“Here are his papers, commandant,” said Beau-Pied.
“Ho! ho!” cried Clef-des-Coeurs. “Come, all of you, and see this minion of the good God with colors on his stomach!”
Hulot and several soldiers came round the body, now entirely naked, and saw upon its breast a blue tattooing in the form of a swollen heart. It was the sign of initiation into the brotherhood of the Sacred Heart. Above this sign were the words, “Marie Lambrequin,” no doubt the man’s name.
“Look at that, Clef-des-Coeurs,” said Beau-Pied; “it would take you a hundred years to find out what that accoutrement is good for.”
“What should I know about the Pope’s uniform?” replied Clef-des-Coeurs, scornfully.
“You worthless bog-trotter, you’ll never learn anything,” retorted Beau-Pied. “Don’t you see that they’ve promised that poor fool that he shall live again, and he has painted his gizzard in order to find himself?”
At this sally—which was not without some foundation—even Hulot joined in the general hilarity. At this moment Merle returned, and the burial of the dead being completed and the wounded placed more or less comfortably in two carts, the rest of the late escort formed into two lines round the improvised ambulances, and descended the slope of the mountain towards Maine, where the beautiful valley of La Pelerine, a rival to that of Couesnon lay before it.
Hulot with his two officers followed the troop slowly, hoping to get safely to Ernee where the wounded could be cared for.
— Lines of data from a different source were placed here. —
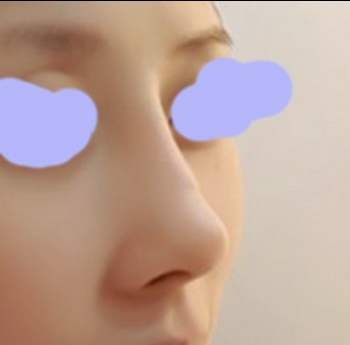 코재수술 후기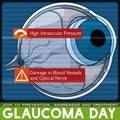 Glaucoma Day Design: Sick Eye Scan Due to this Disease, Vector Illustration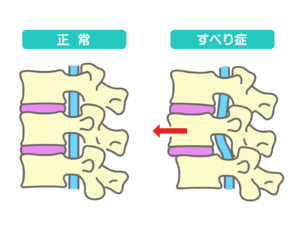腰椎すべり症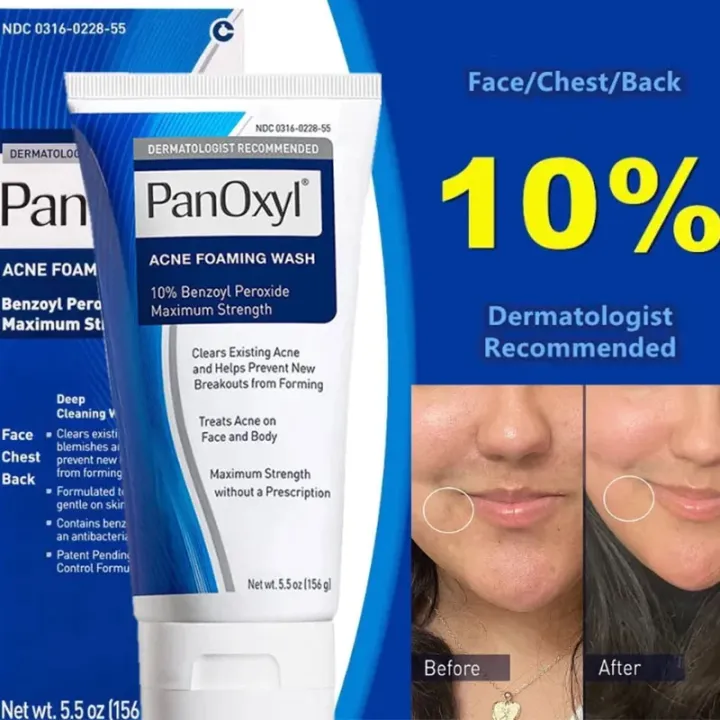PanOxyl%20Acne%20Foaming%20Wash%2010%25%20Maximum%20Strength%201oz%20156ML%20-%20Image%208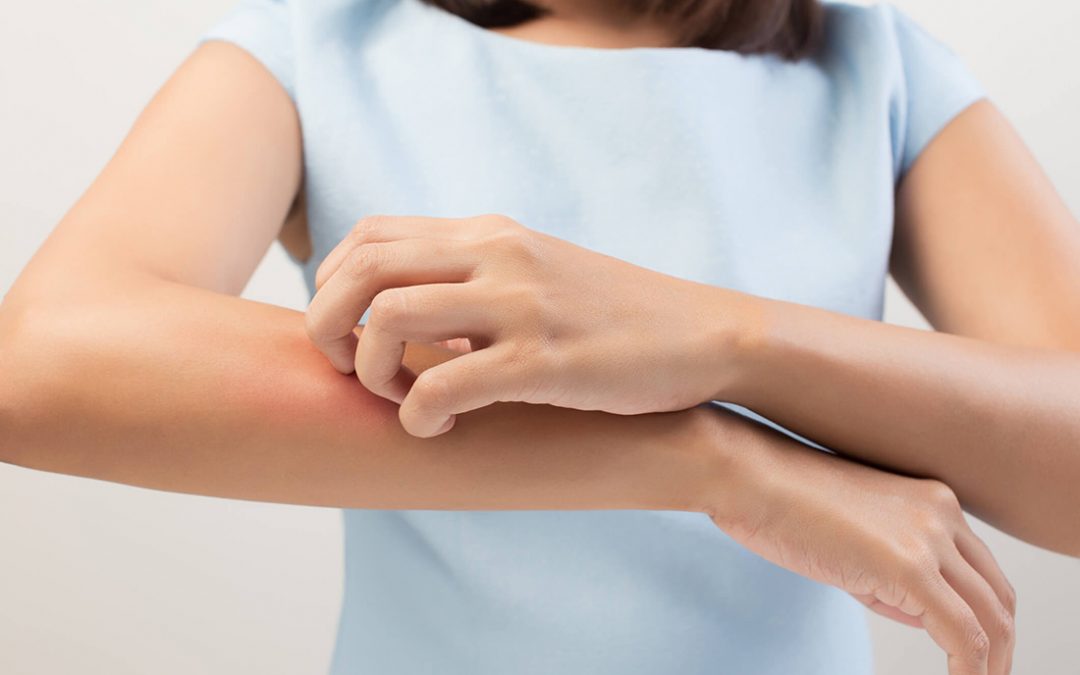 濕疹或皮膚敏感的成因以及解決方法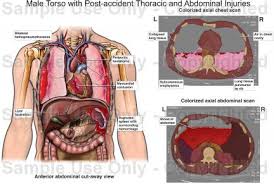 See more ideas about figure drawing, anatomy drawing, anatomy reference. Male Torso With Post Accident Thoracic And Abdominal Injuries Medical Illustration Human Anatomy Drawing Anatomy Illustration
The fight we have just described, which was almost forgotten in the midst of the greater events which were soon to occur, was called by the name of the mountain on which it took place. It obtained some notice at the West, where the inhabitants, observant of this second uprising, noticed on this occasion a great change in the manner in which the Chouans now made war. In earlier days they would never have attacked so large a detachment. According to Hulot the young royalist whom he had seen was undoubtedly the Gars, the new general sent to France by the princes, who, following the example of the other royalist chiefs, concealed his real name and title under one of those pseudonyms called “noms de guerre.” This circumstance made the commandant quite as uneasy after his melancholy victory as he had been before it while expecting the attack. He turned several times to consider the table-land of La Pelerine which he was leaving behind him, across which he could still hear faintly at intervals the drums of the National Guard descending into the valley of Couesnon at the same time that the Blues were descending into that of La Pelerine.
“Can either of you,” he said to his two friends, “guess the motives of that attack of the Chouans? To them, fighting is a matter of business, and I can’t see what they expected to gain by this attack. They have lost at least a hundred men, and we”—he added, screwing up his right cheek and winking by way of a smile, “have lost only sixty. God’s thunder! I don’t understand that sort of speculation. The scoundrels needn’t have attacked us; we might just as well have been allowed to pass like letters through the post—No, I don’t see what good it has done them to bullet-hole our men,” he added, with a sad shake of his head toward the carts. “Perhaps they only intended to say good-day to us.”
“But they carried off our recruits, commander,” said Merle.